## [ACTION ITEM]
In the material below, find the line containing "Felpa grigia con" and output it and all lines after it exactly, through the last one, without the pictures.

## [COLLECTED DATA]
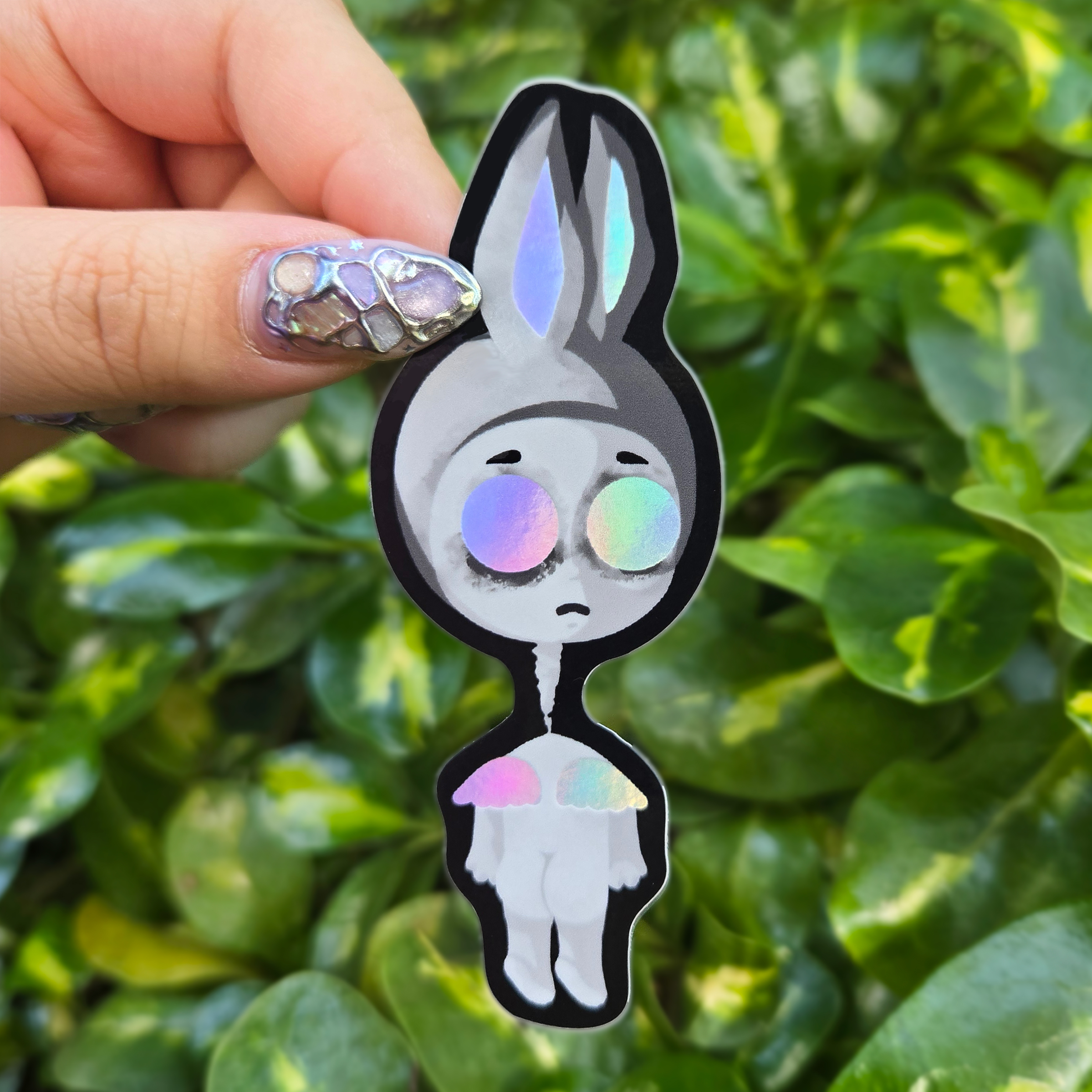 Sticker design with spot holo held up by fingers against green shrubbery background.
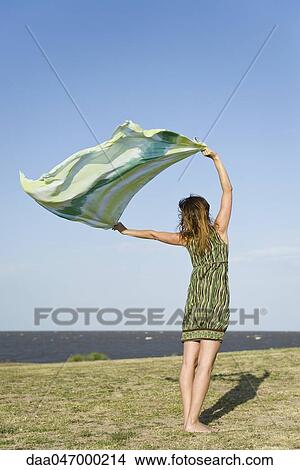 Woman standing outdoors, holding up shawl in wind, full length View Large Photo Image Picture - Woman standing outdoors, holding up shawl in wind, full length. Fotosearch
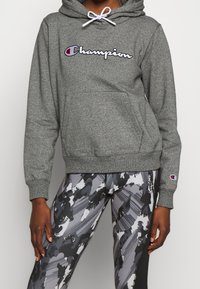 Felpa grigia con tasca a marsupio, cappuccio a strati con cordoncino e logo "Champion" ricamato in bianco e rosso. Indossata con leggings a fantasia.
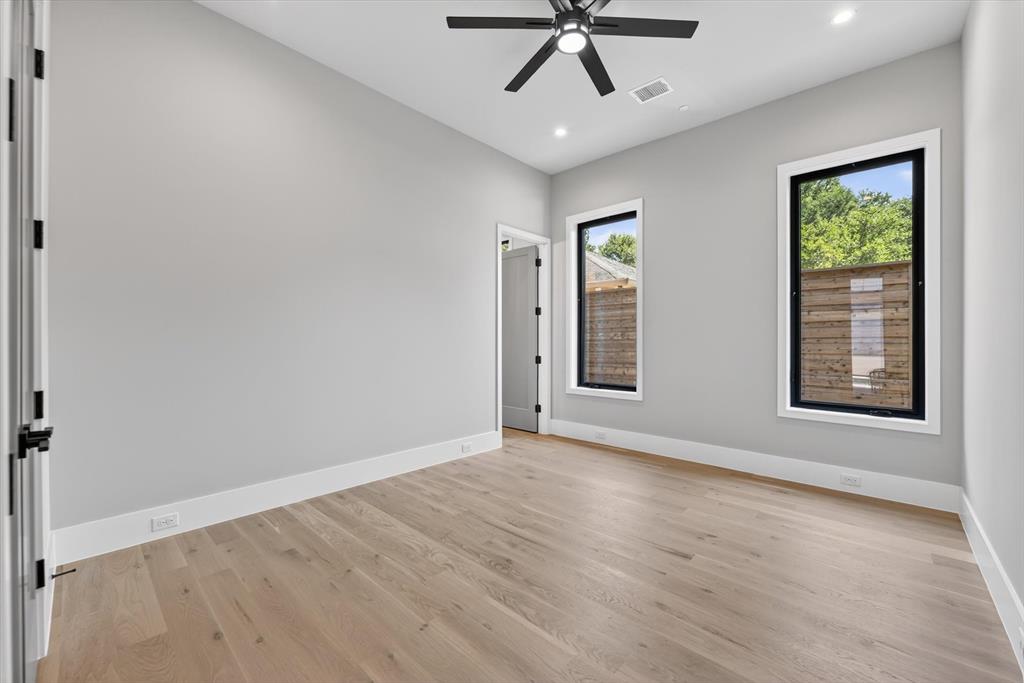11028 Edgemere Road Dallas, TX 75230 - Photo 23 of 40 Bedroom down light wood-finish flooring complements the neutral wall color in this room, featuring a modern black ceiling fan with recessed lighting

## [SOLVED PROBLEM]
 Felpa grigia con tasca a marsupio, cappuccio a strati con cordoncino e logo "Champion" ricamato in bianco e rosso. Indossata con leggings a fantasia.
11028 Edgemere Road Dallas, TX 75230 - Photo 23 of 40 Bedroom down light wood-finish flooring complements the neutral wall color in this room, featuring a modern black ceiling fan with recessed lighting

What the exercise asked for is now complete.